This week marked the 500th Wednesday demonstration by the Korean Council for Women Drafted for Military Sexual Slavery and former "comfort women." They gather in front of the Japanese Embassy in Seoul.

The first such demonstration was held on Jan. 8, 1992 on the occasion of Japanese Prime Minister Kiichi Miyazawa's visit to Korea. But their cries for the truth about the Japanese Army's sexual enslavement of Korean women during World War II and for an official apology from the Japanese government and compensation for victims remain unanswered.

Our society traditionally demanded chastity and sexual innocence of women, and the pain the women had to overcome to declare to the world that they were once sex slaves is unimaginable. The elderly women on the sidewalk in the middle of the city were showing courage Wednesday. It is that courage that brought the story of comfort women to the forefront as an unresolved social issue.

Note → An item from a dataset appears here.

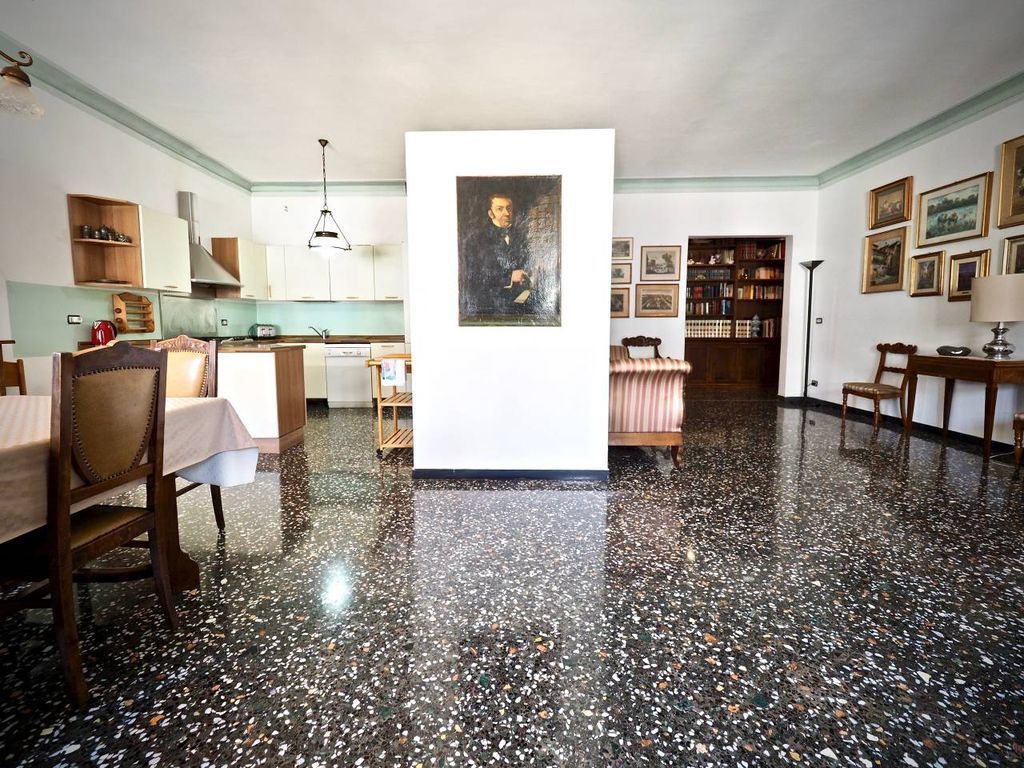 Een ruime kamer met een gepolijste vloer, een zithoek met een tafel en stoelen, een keuken met kasten en een spoelbak, en een boekenplank vol boeken.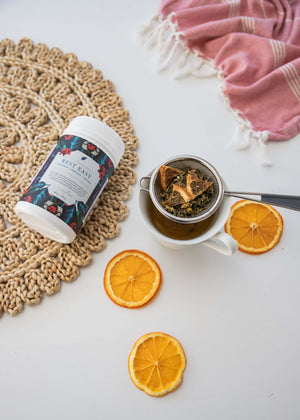 Mayella organic loose leaf tisane Rest Easy lying on a straw mat next to a white china cup filled with a fresh cup of Rest easy tea. The mesh strainer with rest easy tea sitting in the cup and slices of orange on the table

At the heart of the issue is giving back the women their honor and human integrity; it is not about money. Professor Haruki Wada of the University of Tokyo led a group that set up the Asian Peace and Friendship Foundation for Women in 1995 to gather compensation for the victims. But the elderly women have so far refused the money on the grounds that only the Japanese government can give them their honor back. The Women's International War Crimes Tribunal on Japan's Military Sexual Slavery began holding trials in Tokyo in late 2000 and moved them to New York and The Hague.

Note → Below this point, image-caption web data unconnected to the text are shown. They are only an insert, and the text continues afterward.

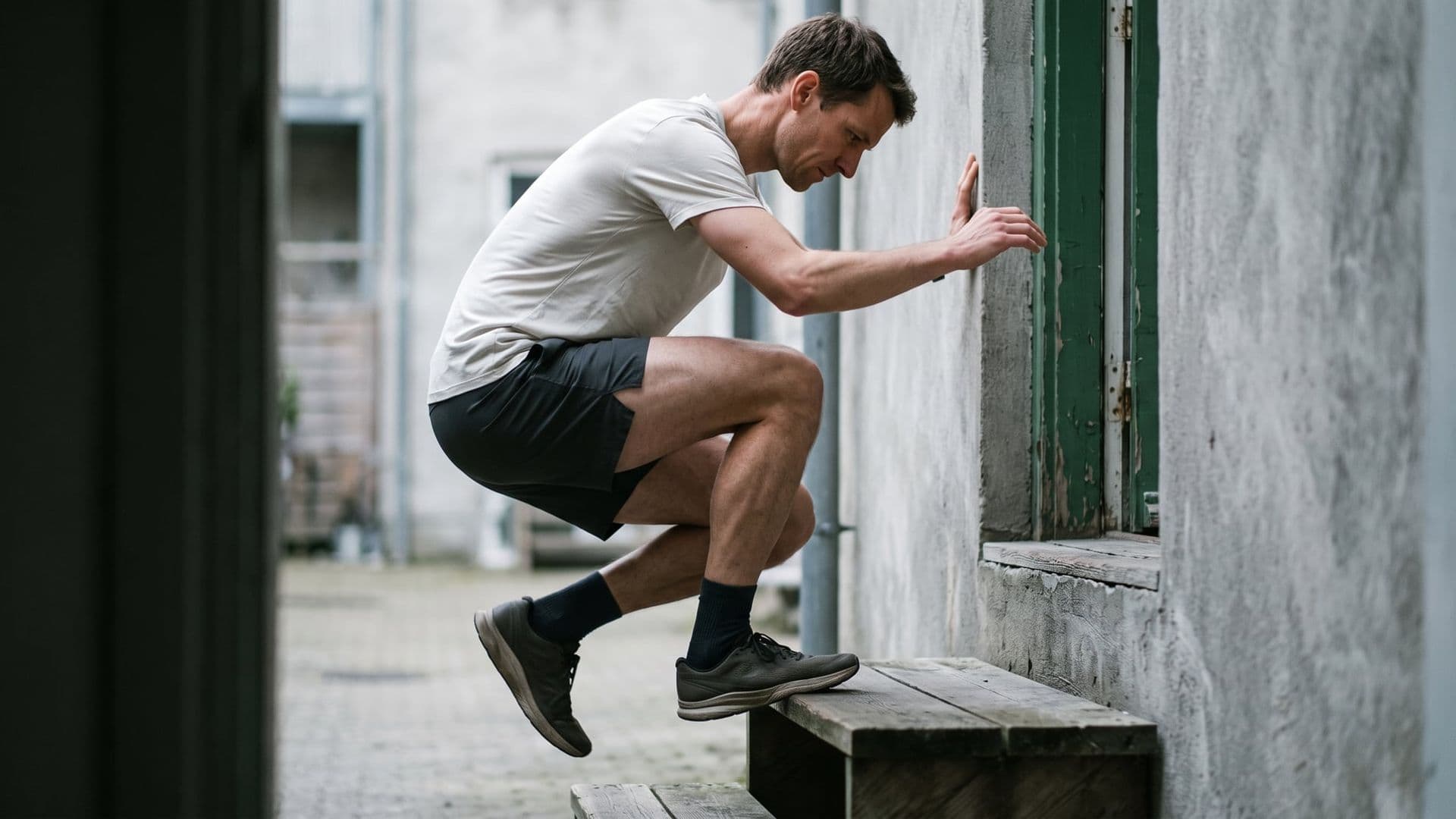 A close low-angle view of a runner performing a single-leg calf raise on the edge of a wooden step, one heel dropped below the step, hand resting lightly on a concrete wall for balance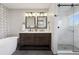 Elegant bathroom with double vanity, modern fixtures, and a separate glass-enclosed shower at 1931 Foothills Rd, Golden, CO 80401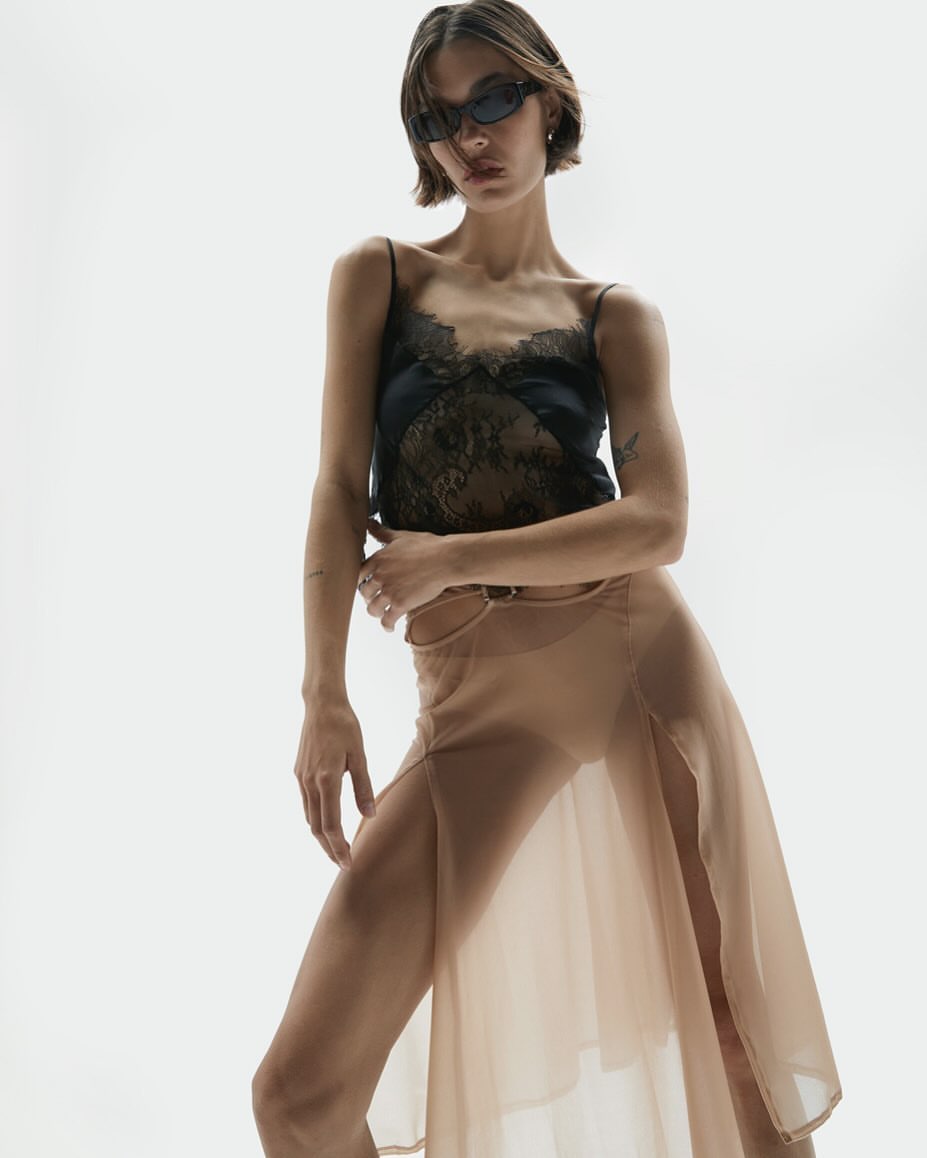 A woman with short brown hair poses in sunglasses, a black lace top, and a tan sheer skirt against a bright white backdrop in a studio setting.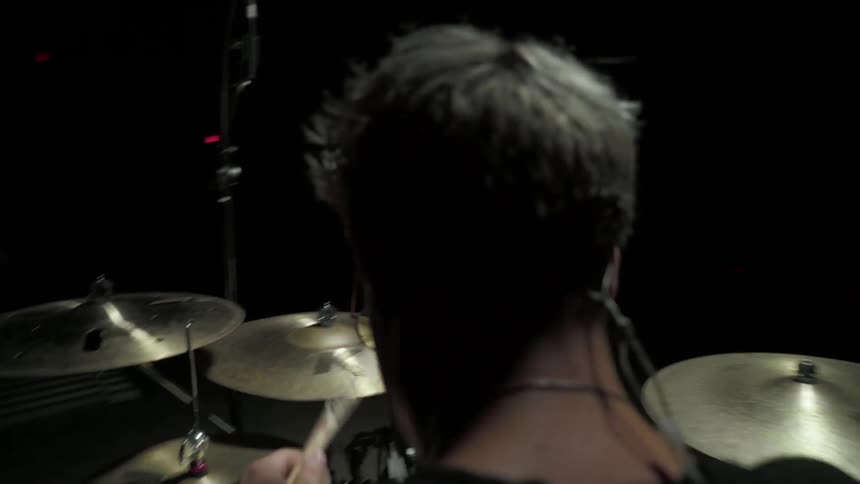 Drummer plays on his drum kit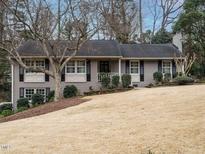 Charming single-Gathering home featuring a landscaped front yard and classic design with gray brick at 2001 Manuel St, Raleigh, NC 27612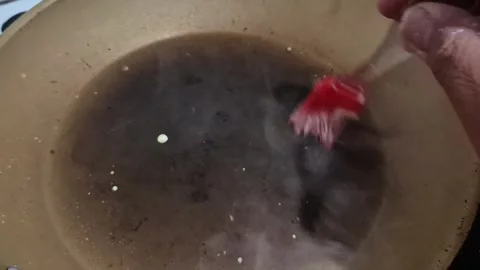 Hand Adding Butter to Hot Frying Pan During Food Preparation Video stock 336517829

Those unofficial tribunals have found the Japanese government and Emperor Hirohito guilty of sexual enslavement. The court is a private organization, but Tokyo must heed the international community's position reflected in the decision that sexual slavery by the military was a war crime.

Since the Wednesday rallies began 10 years ago, 61 former comfort women have died; 141 of those confirmed still alive are also in the twilight of the lives.

Before they all pass away, the Japanese government must show that it is trying to get at the truth. Tokyo must no longer pretend that it does not hear the cries every Wednesday.